The second power line may overlap the boundary of the logic cell, and the separation areas of the second conductive line may be alternately positioned at a lower side and an upper side based on the second power line to be disposed in a zigzag form.

A width of the second power line may be substantially the same as that of the third conductive line.

A disposition form of the separation areas of the second conductive line adjacent to the upper edge of the logic cell and a disposition form of the separation areas of the second conductive line adjacent to the lower edge of the logic cell may be substantially the same.

The number of first hit points overlapping the second conductive line positioned at a first column may be substantially the same as the number of first hit points overlapping the second conductive line positioned at a second column, and the number of second hit points overlapping the second conductive line positioned at the first column may be substantially the same as the number of second hit points overlapping the second conductive line positioned at the second column.

Within one logic cell, each of the plurality of second conductive lines may overlap five first conductive lines and five third conductive lines, and each of the plurality of second conductive lines may overlap four first hit points and four second hit points.

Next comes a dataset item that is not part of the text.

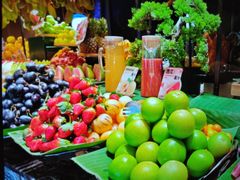 -雍容荟帝王蟹活龙虾展台自助(IFS黑金店)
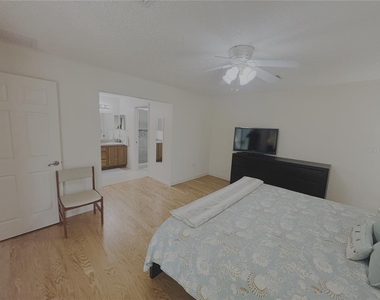 15596 Sw 13th Circle - Photo Thumbnail 14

A disposition form of the separation areas of the second conductive line adjacent to the upper edge of the logic cell and a disposition form of the separation areas of the second conductive line adjacent to the lower edge of the logic cell may be symmetrical to each other.

The number of first hit points overlapping the second conductive line positioned at a first column may be different from the number of first hit points overlapping the second conductive line positioned at a second column, and the number of second hit points overlapping the second conductive line positioned at the first column may be different from the number of second hit points overlapping the second conductive line positioned at the second column.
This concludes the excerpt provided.